*** Opening Record excerpts ***

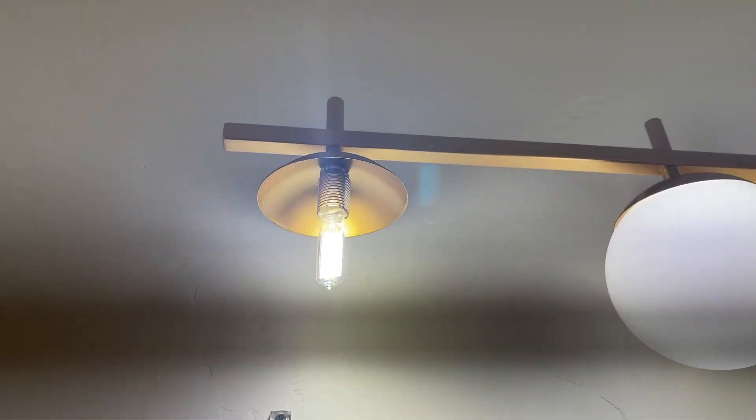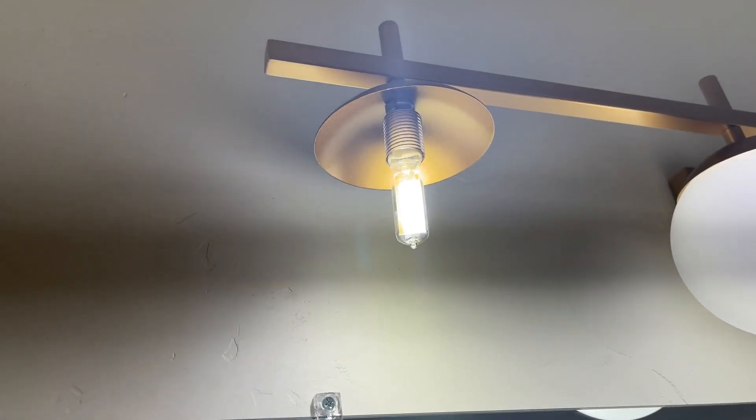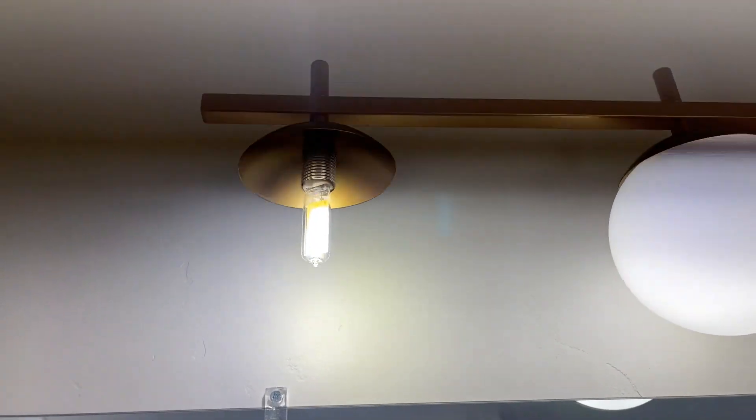I also wanted to show you the bulb. It is a very specialized bulb, and then the covering screws on.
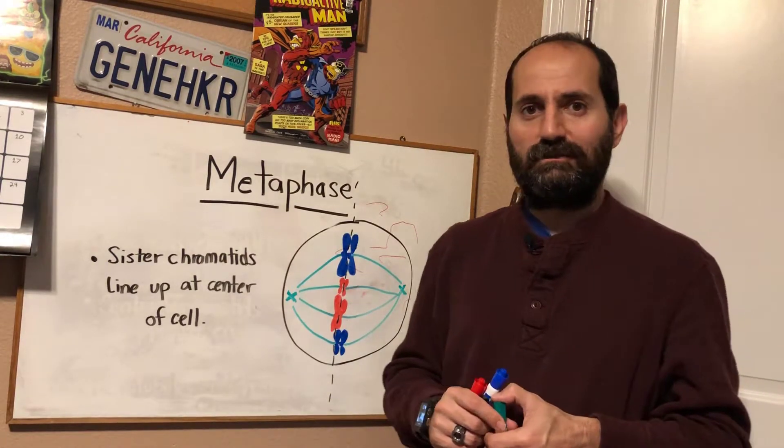That's metaphase. I hope this helps — please let me know below if you have any questions, and thank you for watching.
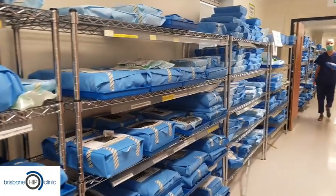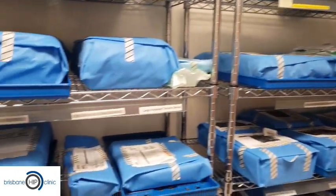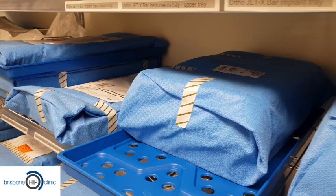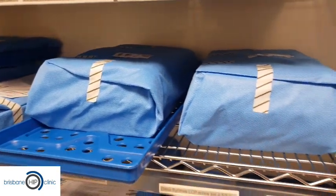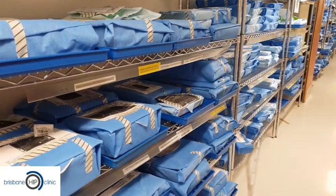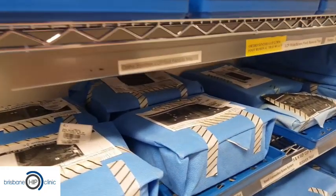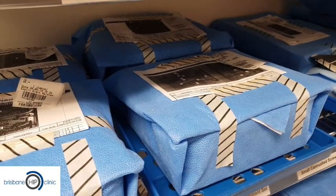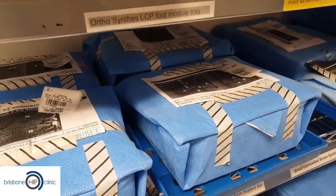These are all the trays that have been sterilised — you can see that they're all wrapped up in their sterile containers. We open them up at the time of surgery and they remain sterilised. There are little markers inside them and the tape assists us in knowing which ones have been sterilised correctly.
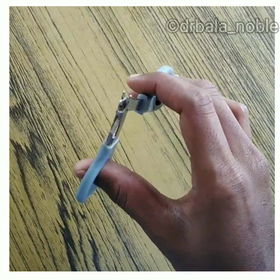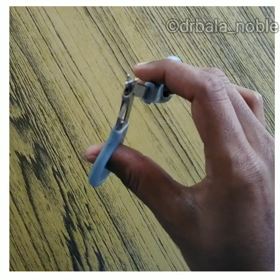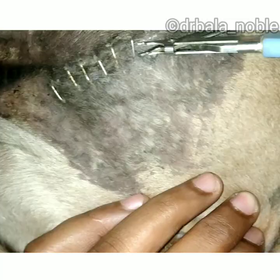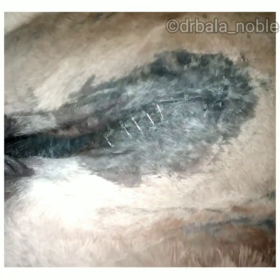Next we are going to remove the staples. This is the staple remover. As you know, the pin will be folded inside like this, so you have to insert the pin remover like this, then press so the pin will unfold and come outside. It is at the umbilicus — it was stapled after an umbilical hernia correction.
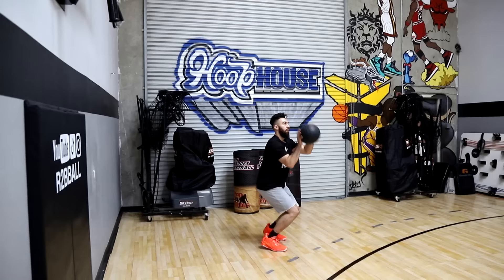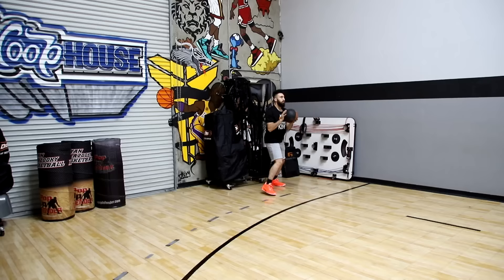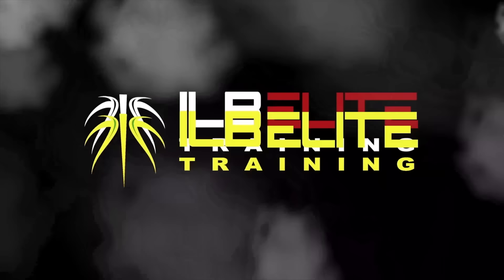What is up, I Love Basketball TV, it's Coach Ron Rizuki and we are breaking down the perfect shooting form to help you have a much more consistent and viable jump shot. Let's get to it.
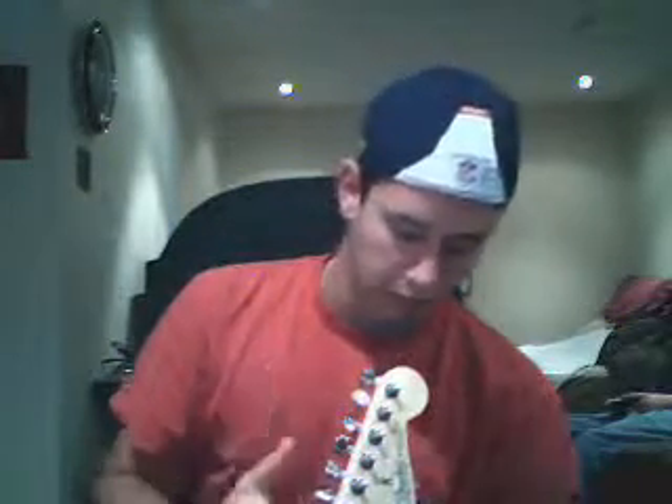Some guitars have that little black thing right there that runs all the way down through the neck. That's just so you can adjust the neck bow to your comfort, because guitar necks are not straight — they do bow.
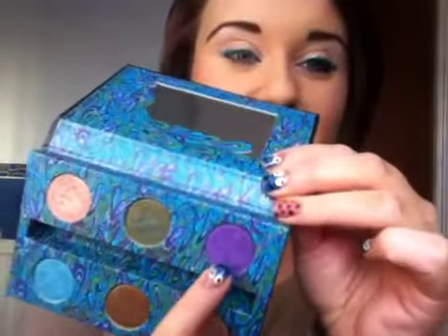Just a nice thickness — that's the one I was looking for! So I'm going to set it with the Urban Decay Flash Shadow. It's just a basic bright purple. So we're just going to run this on top.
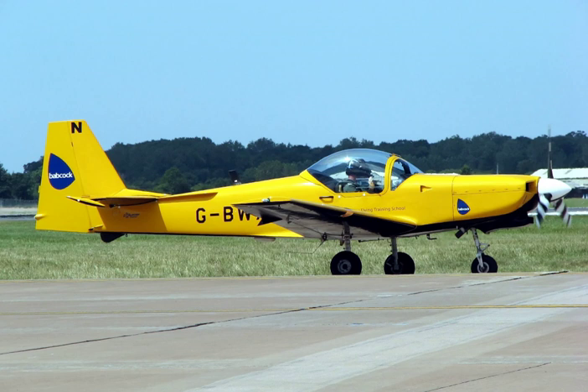Those that progress to training for fast jet flying will then progress to an advanced trainer, typically capable of high subsonic speeds, high-energy maneuvers, and equipped with systems that simulate modern weapons and surveillance. Examples of such jet trainer aircraft include the supersonic Northrop T-38 Talon, the BAE Hawk, the Dassault/Dornier Alpha Jet, the Aero L-39 and the Yakovlev Yak-130.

*** Closing Record excerpts ***

§ Exercise goal
Going by the entries above, repeat exactly the lines that start at the line with "Next we are" and go on through the line with "Just a nice". Pictures are not part of the copy.

§ Answer to the problem
Next we are going to remove the staples. This is the staple remover. As you know, the pin will be folded inside like this, so you have to insert the pin remover like this, then press so the pin will unfold and come outside. It is at the umbilicus — it was stapled after an umbilical hernia correction.
What is up, I Love Basketball TV, it's Coach Ron Rizuki and we are breaking down the perfect shooting form to help you have a much more consistent and viable jump shot. Let's get to it.
Some guitars have that little black thing right there that runs all the way down through the neck. That's just so you can adjust the neck bow to your comfort, because guitar necks are not straight — they do bow.
Just a nice thickness — that's the one I was looking for! So I'm going to set it with the Urban Decay Flash Shadow. It's just a basic bright purple. So we're just going to run this on top.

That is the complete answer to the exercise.